::: Extracted entries
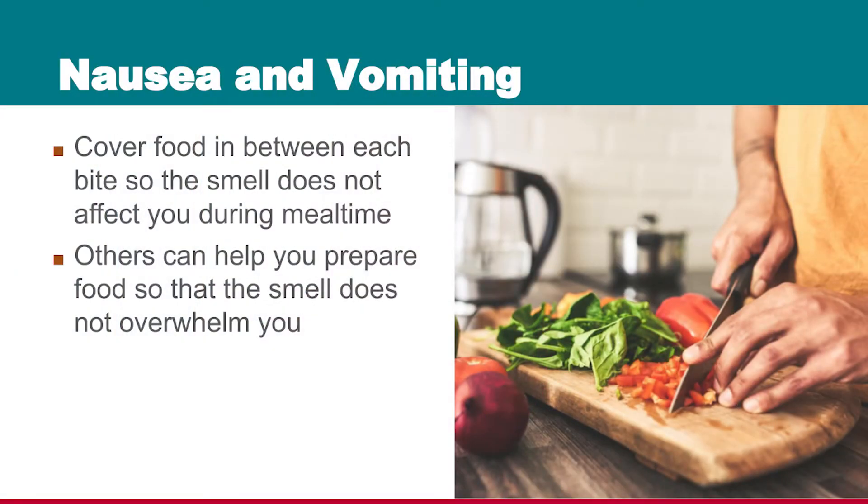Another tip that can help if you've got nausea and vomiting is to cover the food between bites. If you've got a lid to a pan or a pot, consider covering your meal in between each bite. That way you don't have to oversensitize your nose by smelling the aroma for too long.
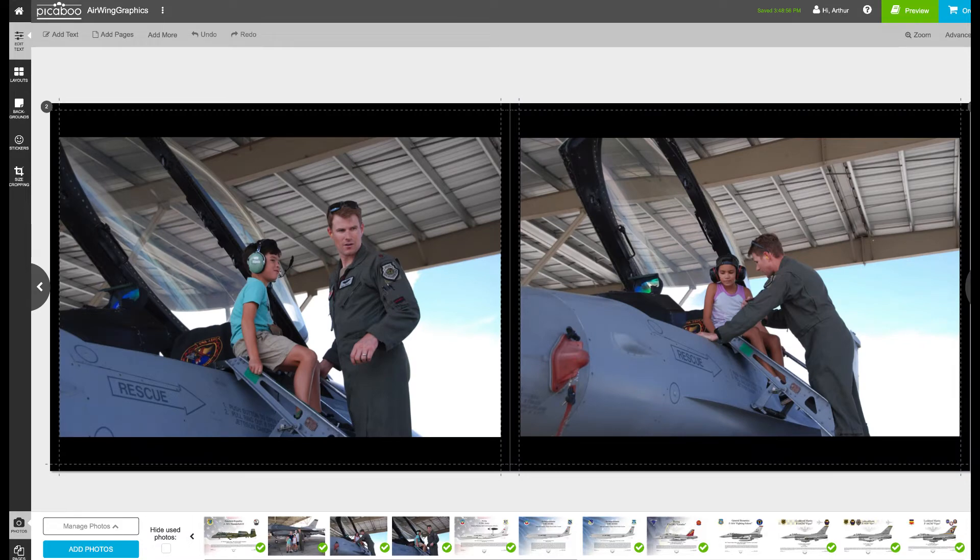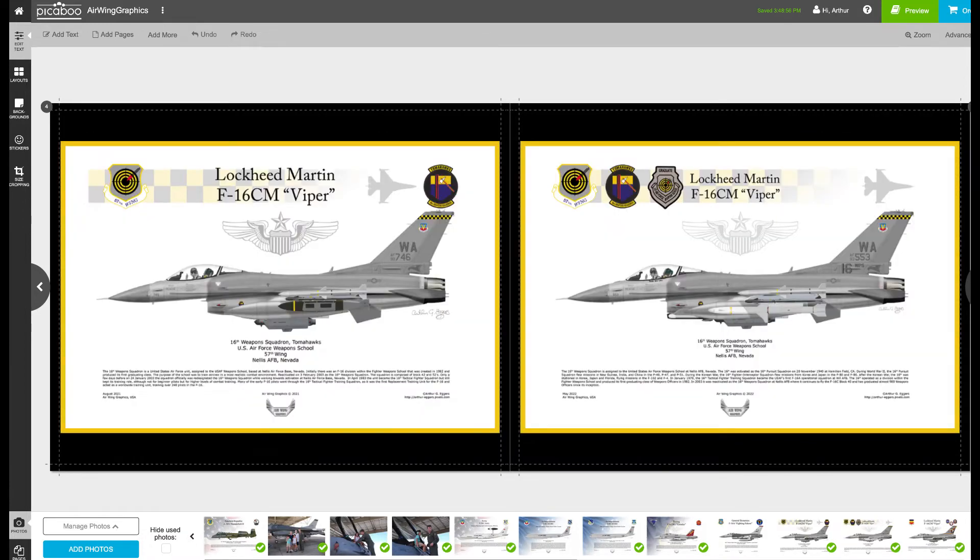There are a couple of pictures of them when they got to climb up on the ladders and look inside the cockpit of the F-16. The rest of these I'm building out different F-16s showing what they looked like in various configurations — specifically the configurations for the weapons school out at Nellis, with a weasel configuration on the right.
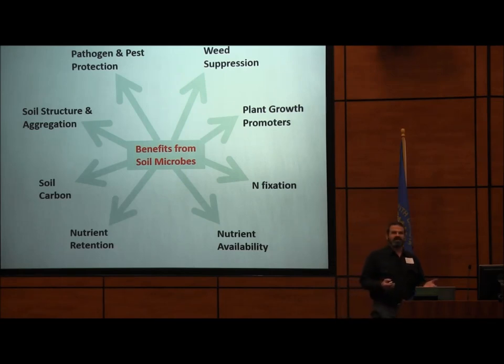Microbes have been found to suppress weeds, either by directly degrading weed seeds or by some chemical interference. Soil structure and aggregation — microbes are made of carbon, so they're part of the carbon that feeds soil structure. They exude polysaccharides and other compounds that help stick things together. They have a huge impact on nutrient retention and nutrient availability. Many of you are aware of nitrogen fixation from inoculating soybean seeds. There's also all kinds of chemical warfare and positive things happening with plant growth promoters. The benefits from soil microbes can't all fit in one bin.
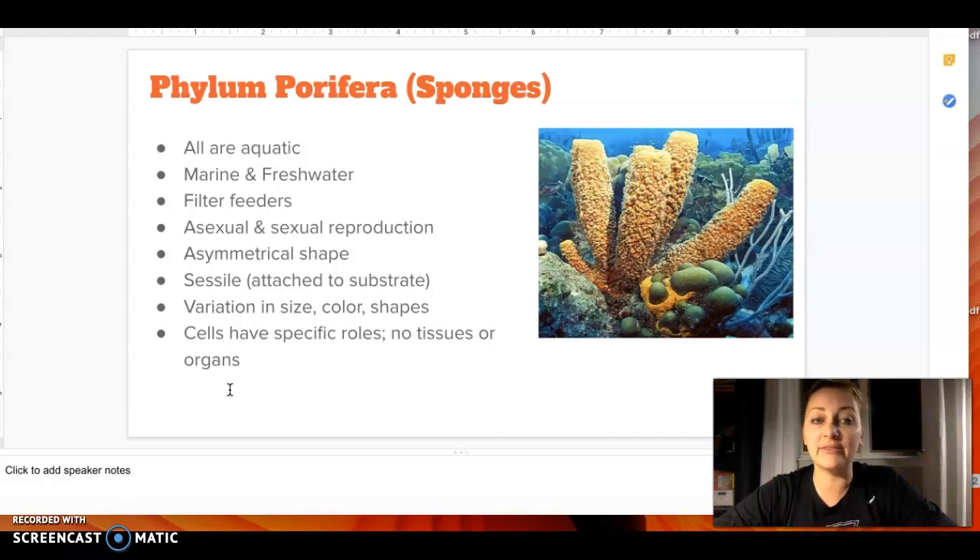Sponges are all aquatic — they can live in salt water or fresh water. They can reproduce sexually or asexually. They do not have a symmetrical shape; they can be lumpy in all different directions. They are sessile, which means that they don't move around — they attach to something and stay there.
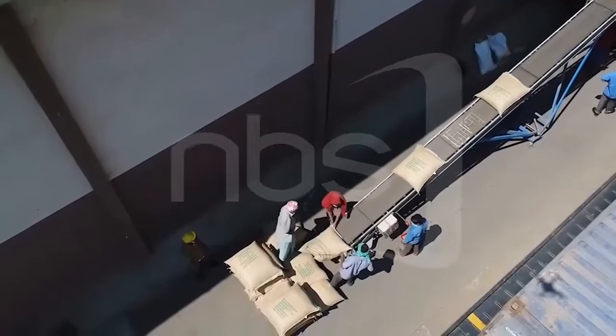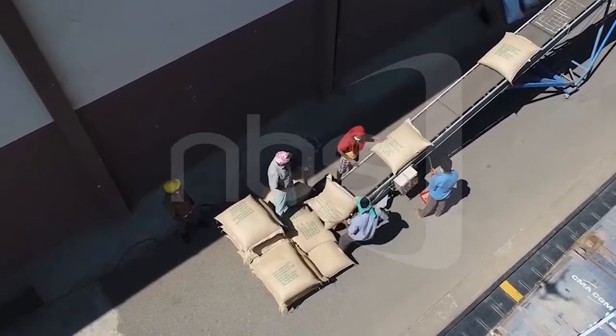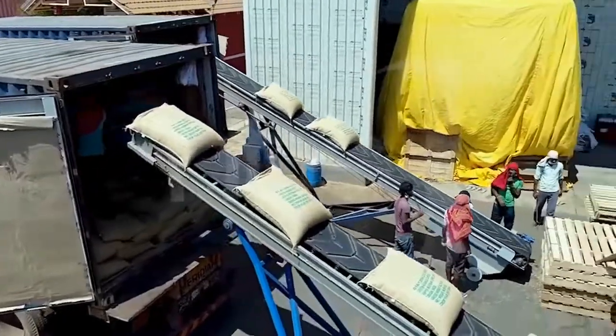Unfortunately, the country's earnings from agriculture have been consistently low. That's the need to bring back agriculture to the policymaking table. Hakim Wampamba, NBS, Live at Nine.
::::::
::: Extracted entries
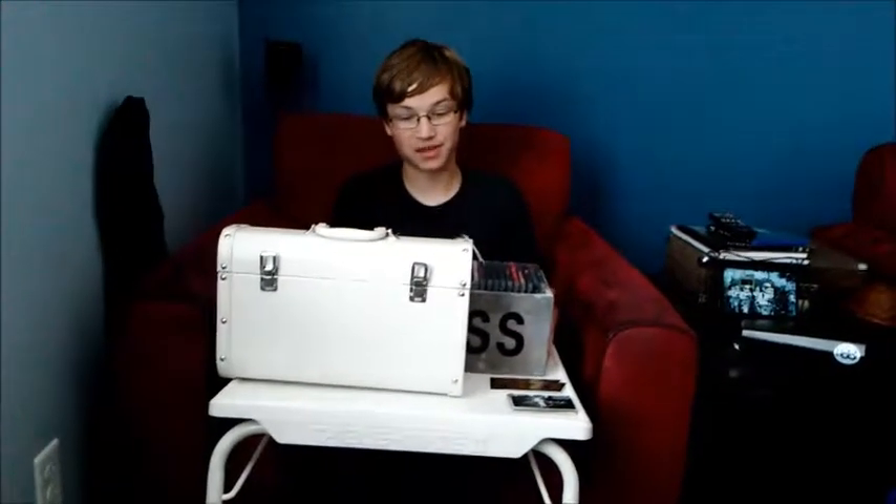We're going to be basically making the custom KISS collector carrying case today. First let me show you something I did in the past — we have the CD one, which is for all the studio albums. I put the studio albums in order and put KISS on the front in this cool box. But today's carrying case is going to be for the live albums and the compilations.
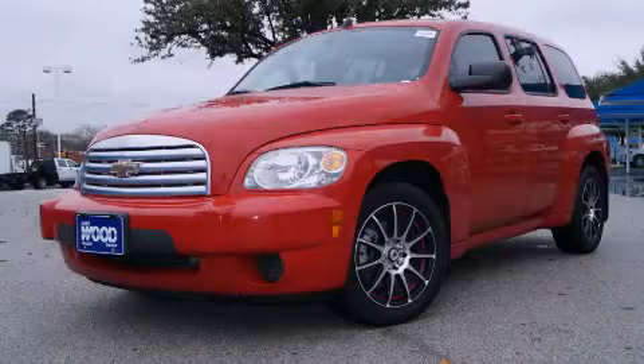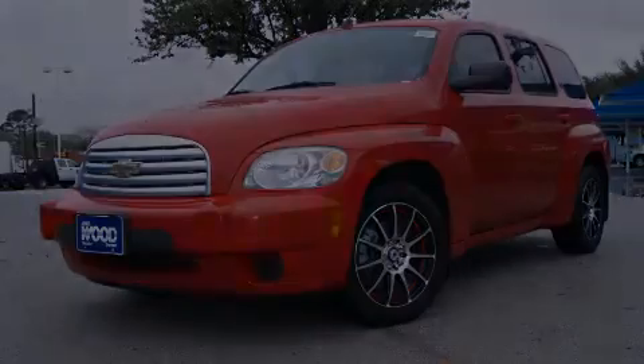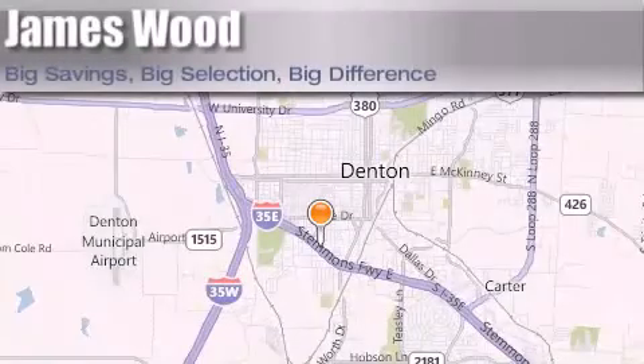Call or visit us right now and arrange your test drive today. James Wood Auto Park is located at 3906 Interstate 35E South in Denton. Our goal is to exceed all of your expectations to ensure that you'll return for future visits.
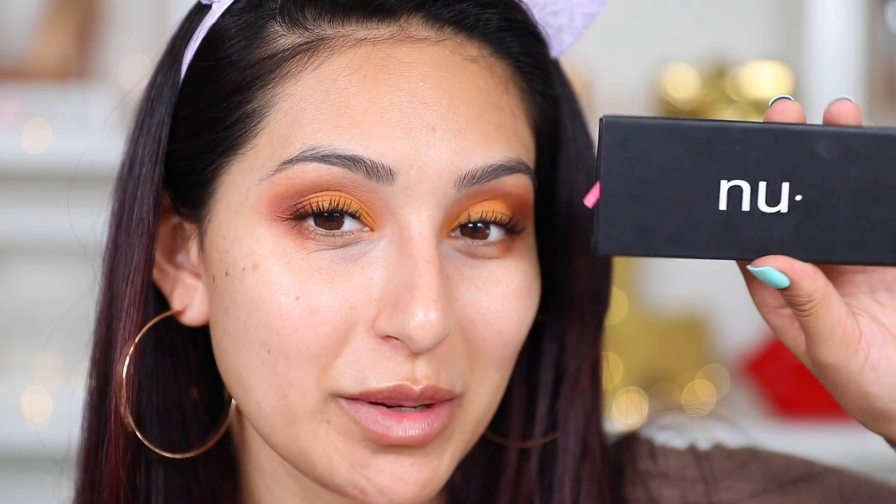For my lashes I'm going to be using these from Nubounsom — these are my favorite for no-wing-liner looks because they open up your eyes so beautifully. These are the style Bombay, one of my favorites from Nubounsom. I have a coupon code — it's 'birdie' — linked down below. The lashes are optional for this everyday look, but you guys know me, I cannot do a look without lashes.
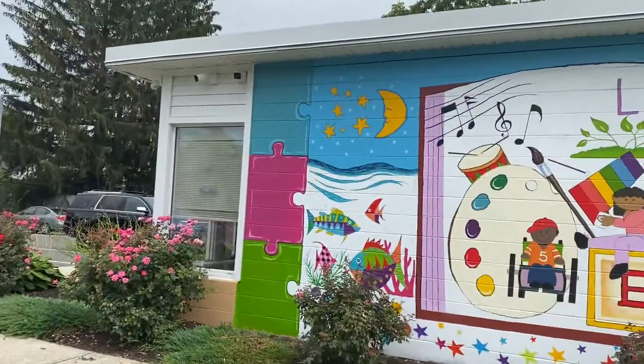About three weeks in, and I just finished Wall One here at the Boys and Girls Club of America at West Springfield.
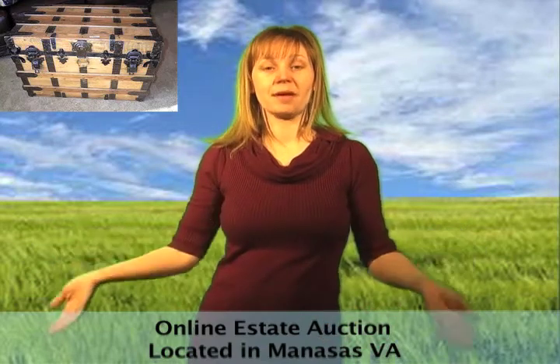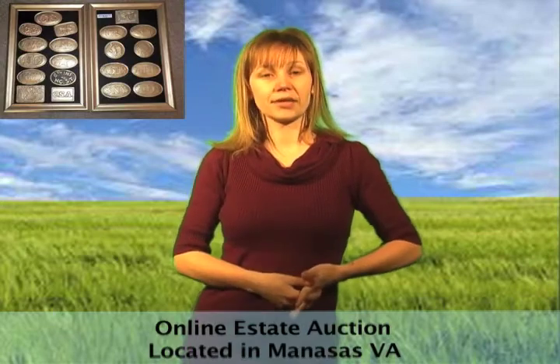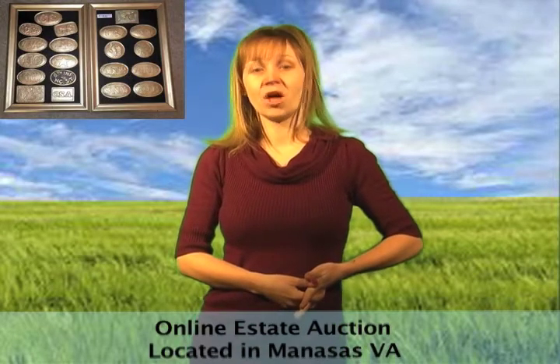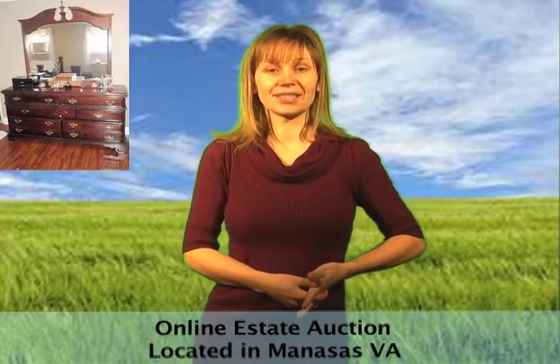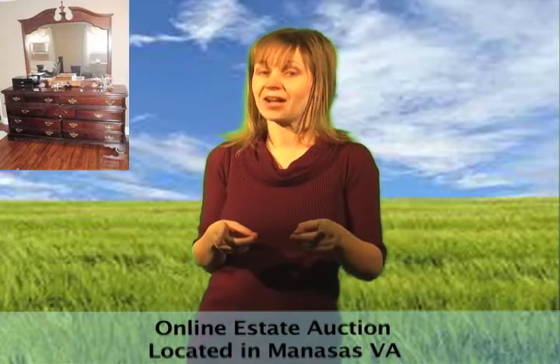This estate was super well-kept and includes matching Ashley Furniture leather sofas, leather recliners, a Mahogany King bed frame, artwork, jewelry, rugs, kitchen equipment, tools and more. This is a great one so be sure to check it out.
::::::
::: Extracted entries
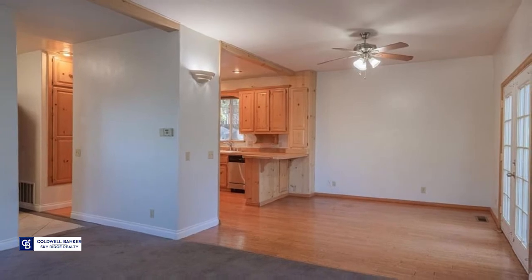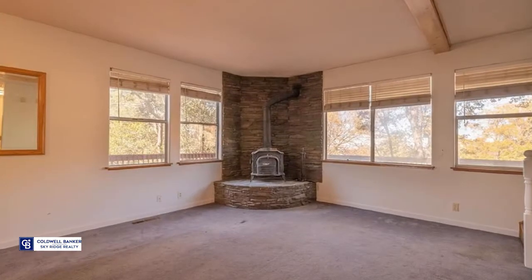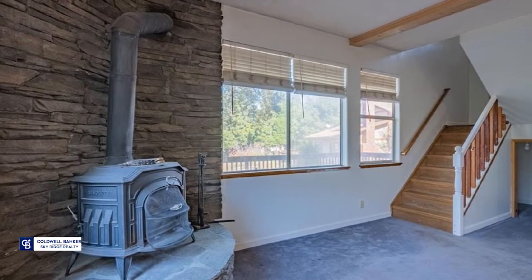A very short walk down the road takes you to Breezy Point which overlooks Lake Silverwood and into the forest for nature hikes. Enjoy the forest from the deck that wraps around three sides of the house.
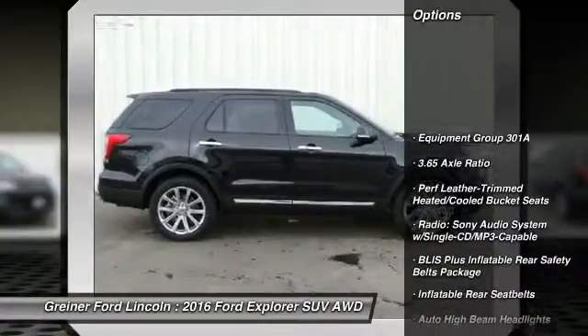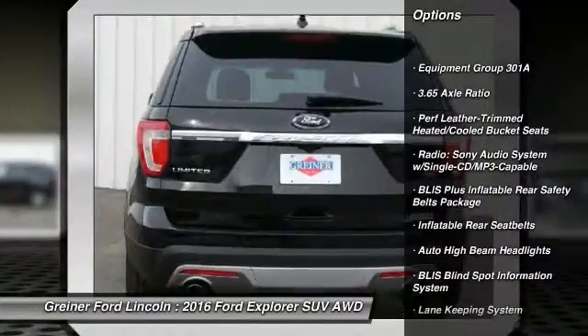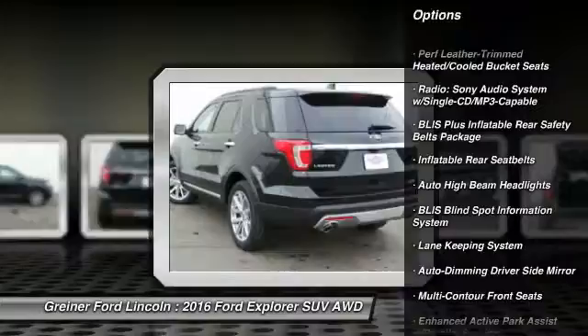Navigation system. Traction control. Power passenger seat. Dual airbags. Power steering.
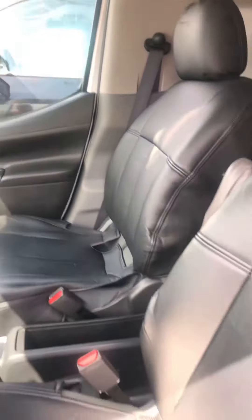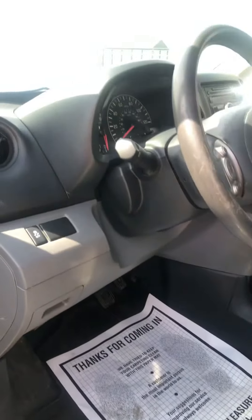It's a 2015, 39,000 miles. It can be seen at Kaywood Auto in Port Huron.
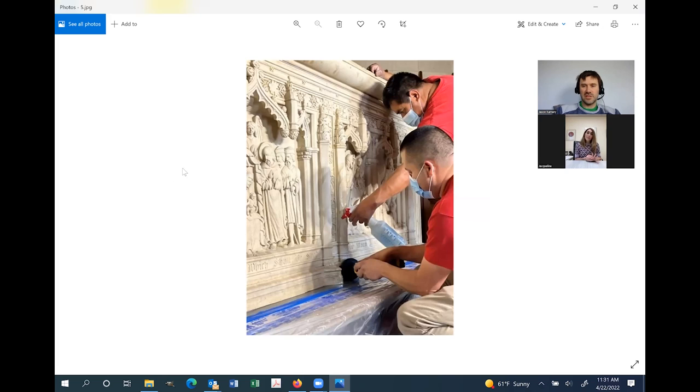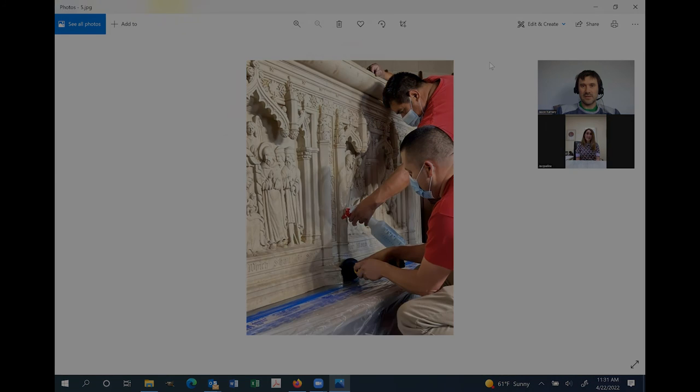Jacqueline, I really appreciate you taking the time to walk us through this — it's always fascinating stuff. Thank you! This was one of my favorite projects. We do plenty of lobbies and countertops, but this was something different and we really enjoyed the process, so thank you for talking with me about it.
::::::
* _Problem requirements_:
Both boundary lines included, write out word for word only the lines above from the one containing "A very short" to the one containing "It's a 2015, 39,000", leaving out any pictures.

* _Exercise output_:
A very short walk down the road takes you to Breezy Point which overlooks Lake Silverwood and into the forest for nature hikes. Enjoy the forest from the deck that wraps around three sides of the house.
Navigation system. Traction control. Power passenger seat. Dual airbags. Power steering.
It's a 2015, 39,000 miles. It can be seen at Kaywood Auto in Port Huron.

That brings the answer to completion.